Monday, February 4, 2013
Every Witch Way But Loose: HANSEL & GRETEL: WITCH HUNTERS Review
When the logo for Will Ferrell and Adam MacKay’s Gary Sanchez Productions comes up before the opening sequence of Hansel & Gretel: Witch Hunters, it’s easy to believe you’re about to see a new high-concept comedy. After all, why would the creators of Anchorman and Talladega Nights be dipping their toes into the current fairy-tale craze, if not to spoof it? The elements of humour that do creep into the next ninety or so minutes are the most successful, as it turns out. But when this horror/steampunk/action mashup slides into familiar summer blockbuster territory, the going gets tedious and you start wishing that more of the movie was played for laughs.

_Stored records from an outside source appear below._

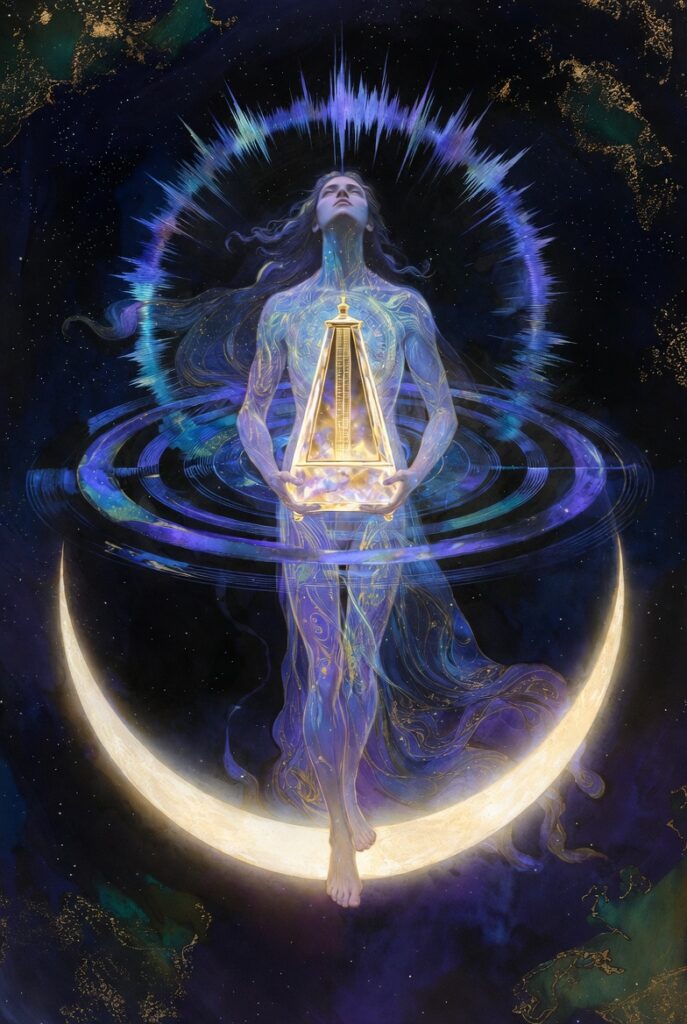 Intricate illustration of a celestial figure standing on a perfectly balanced crescent moon, holding a golden metronome that emits concentric, harmonious blue and violet rings of light, symbolizing Rhythmic Harmonization and perfect universal timing.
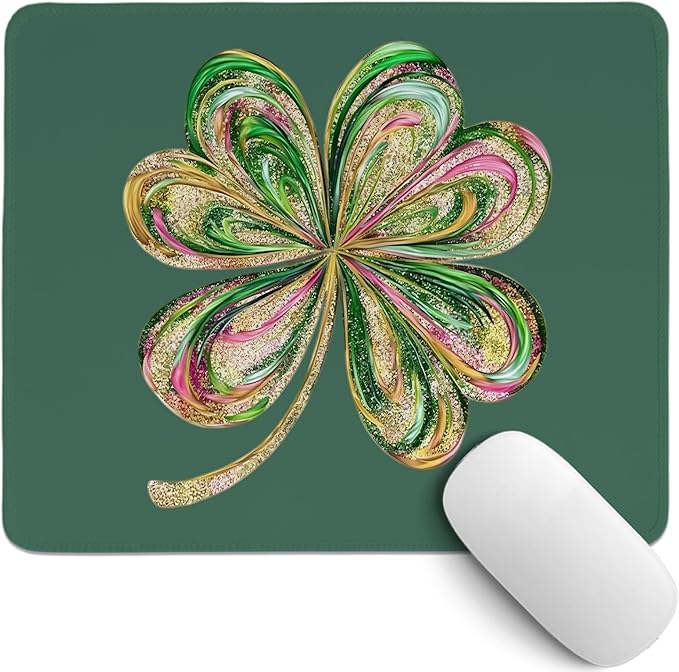 Cute Lucky St Patricks Day Mouse Pad,Dark Green Retro Shamrock Mouse Pad,Womens Shenanigans Desk Mat,Lucky Clover Pattern Desk Mat For Dorm Home Office Decor,St Patricks Day Gift,10.2x8.3 Inch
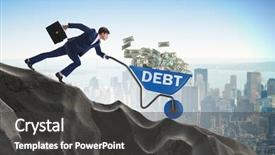  Presentation with us dollars - Presentation theme enhanced with businessman pushing wheelbarrow with dollars background and a  colored foreground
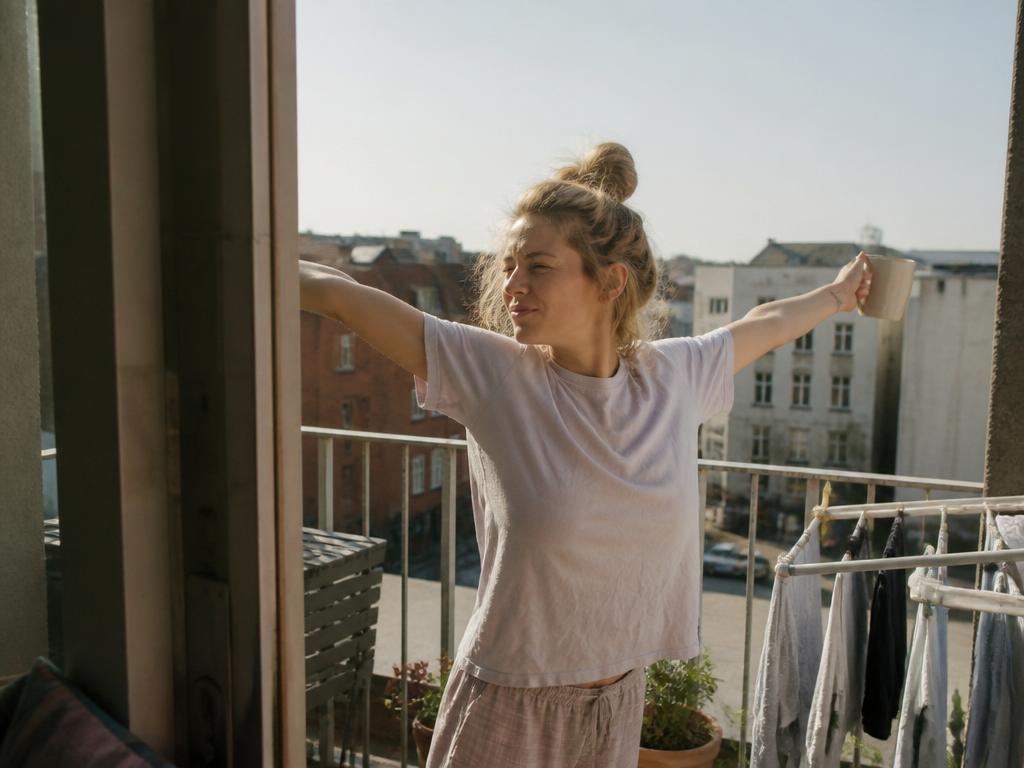 A woman steps onto an apartment balcony first thing in the morning and stretches her arms wide, squinting in the bright daylight.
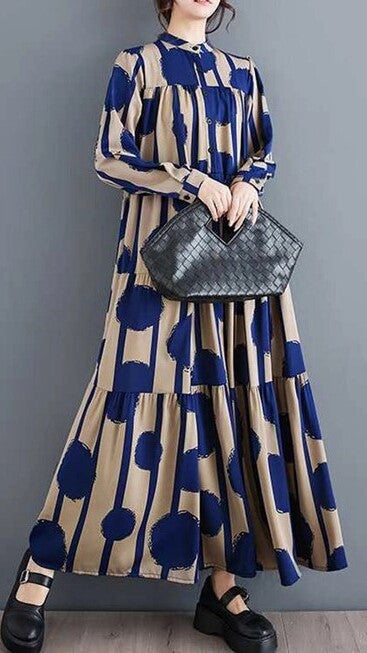 Alia A Line Print Maxi Dress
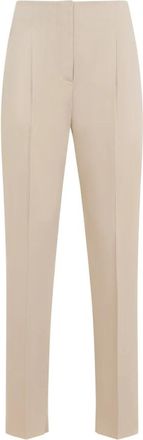 Max Mara Empoli Cotton Twill Broek - Dames - Slim Fit Broeken - Beige - L - Katoen - Broeken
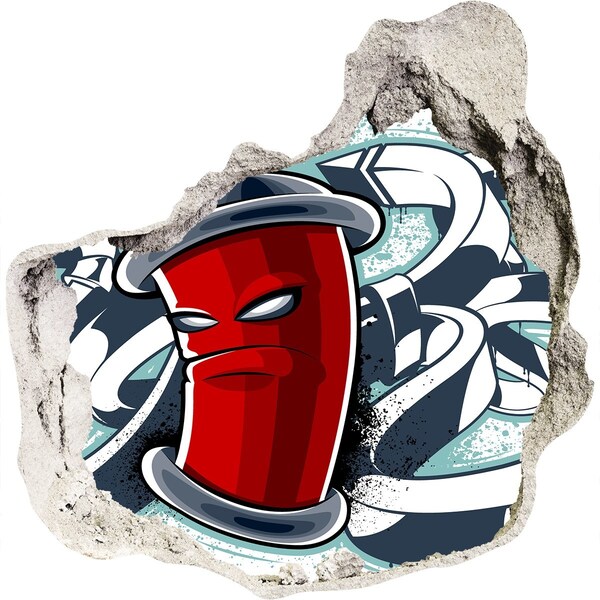 Vinilo decorativo boquete pared irregular Taza roja con grafiti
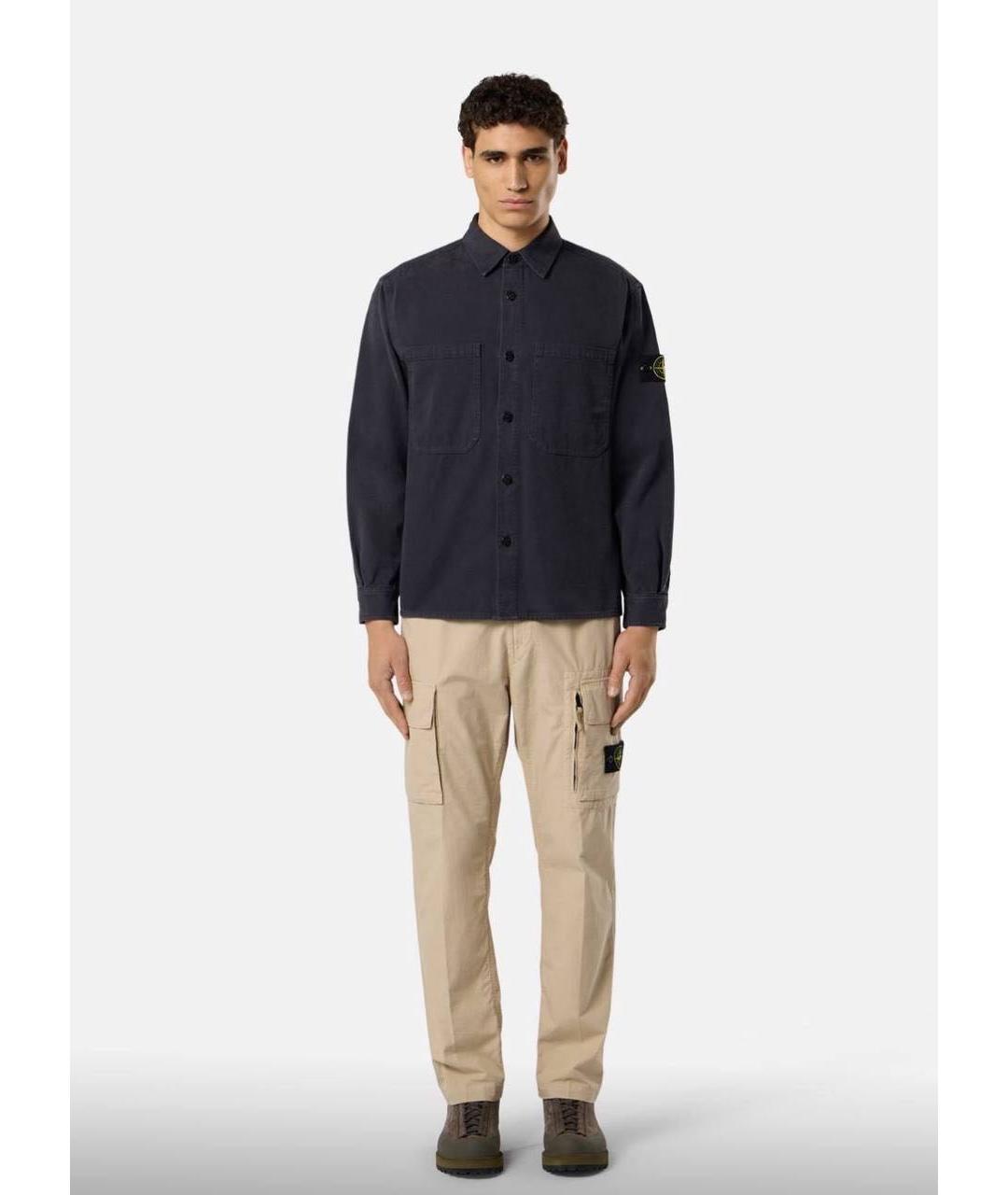 STONE ISLAND Черная хлопковая куртка, фото 3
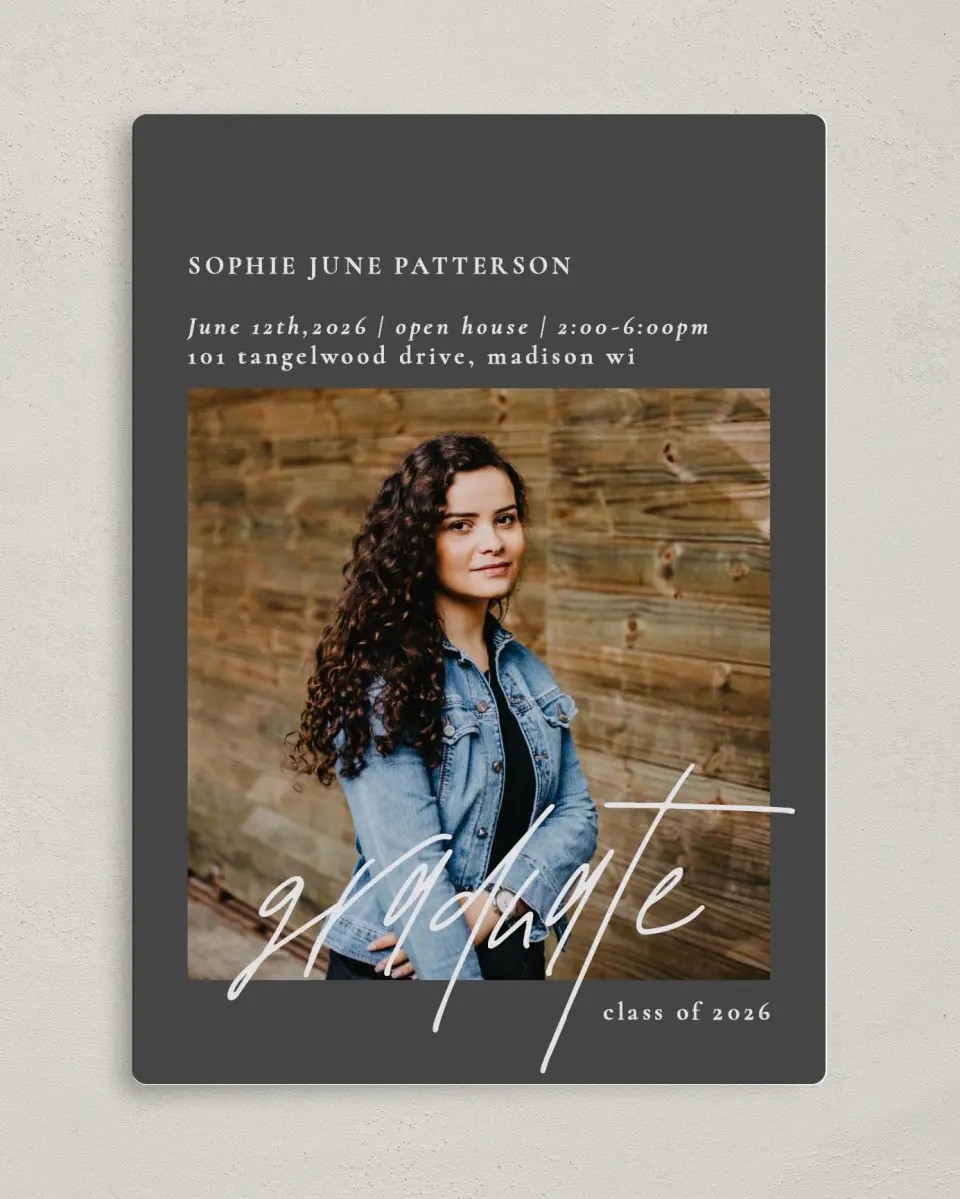 This is a 5" x 7" Graduation Announcement Magnet called Featured Graduate printed in full color with a Luxe Satin finish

In a prologue, we are shown the familiar origin of fairytale foundlings Hansel and Gretel. At the urging of their mother, the two tykes are led into the deep, dark forest and abandoned by their dad. Wandering through the woods, the kids soon find a house made out of candy, and are abducted by the carnivorous witch within. A daring, nick-of-time breakout ensues, in which we learn that Gretel is mysteriously immune to the witch’s dark magic, and the children free themselves by stuffing their captor inside her own stove and burning her alive. Having developed a taste for witch-snuffing, the two grow up to become bounty hunters played by Jeremy Renner (The Avengers, The Bourne Legacy) and Gemma Arterton (Quantum Of Solace, Clash Of The Titans) with a massive arsenal and a specialty in dispatching spell-casting, broom-riding uglies (the opening credits montage shows their development in the form of woodcut-newspaper headlines, the first of many anachronistic touches). Asked to help find the witches responsible for a rash of child abductions—represented by woodcut illustrations attached to the sides of milk bottles!—the siblings run afoul of a slinky sorceress (Famke Janssen) with a plan to make her kind indestructible by sacrificing a dozen kids and ushering in a new age of darkness. Along the way, H and G make friends with a nice witch (Ingrid Bolso Berdal), make enemies with a local sheriff (Fargo’s Peter Stormare), and make use of crossbows, a gatling gun, and a couple of new allies, in the form of a medieval fanboy (Thomas Mann) and a hulking troll named Edward.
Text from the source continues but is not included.